## TASK DETAILS
Pick out every line of the entries below where "rent" occurs, and copy those lines.

□ □ □

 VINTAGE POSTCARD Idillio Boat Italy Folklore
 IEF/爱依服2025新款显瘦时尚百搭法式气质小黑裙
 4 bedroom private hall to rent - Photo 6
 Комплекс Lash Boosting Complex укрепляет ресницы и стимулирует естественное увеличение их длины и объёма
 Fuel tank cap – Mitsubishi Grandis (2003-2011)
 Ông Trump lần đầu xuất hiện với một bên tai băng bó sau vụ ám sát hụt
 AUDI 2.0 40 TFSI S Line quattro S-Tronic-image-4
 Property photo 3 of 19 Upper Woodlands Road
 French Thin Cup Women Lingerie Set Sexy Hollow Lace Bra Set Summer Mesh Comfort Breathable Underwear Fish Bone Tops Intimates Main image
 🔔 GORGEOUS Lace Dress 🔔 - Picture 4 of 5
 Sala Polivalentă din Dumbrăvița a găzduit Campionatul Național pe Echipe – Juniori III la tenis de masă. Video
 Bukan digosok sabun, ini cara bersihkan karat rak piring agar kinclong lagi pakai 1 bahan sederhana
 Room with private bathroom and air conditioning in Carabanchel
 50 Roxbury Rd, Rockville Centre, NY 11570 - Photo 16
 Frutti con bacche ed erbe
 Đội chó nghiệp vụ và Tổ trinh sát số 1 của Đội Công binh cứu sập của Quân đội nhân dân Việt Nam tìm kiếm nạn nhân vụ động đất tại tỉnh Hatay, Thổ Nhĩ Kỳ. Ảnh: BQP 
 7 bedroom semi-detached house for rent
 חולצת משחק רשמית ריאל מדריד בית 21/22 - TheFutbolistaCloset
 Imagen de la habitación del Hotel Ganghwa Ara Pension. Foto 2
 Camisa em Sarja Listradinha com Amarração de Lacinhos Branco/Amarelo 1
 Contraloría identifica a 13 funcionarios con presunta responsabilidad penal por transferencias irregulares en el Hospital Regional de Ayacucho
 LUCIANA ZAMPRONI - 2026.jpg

□ □ □

## YOUR RESPONSE
 4 bedroom private hall to rent - Photo 6
 7 bedroom semi-detached house for rent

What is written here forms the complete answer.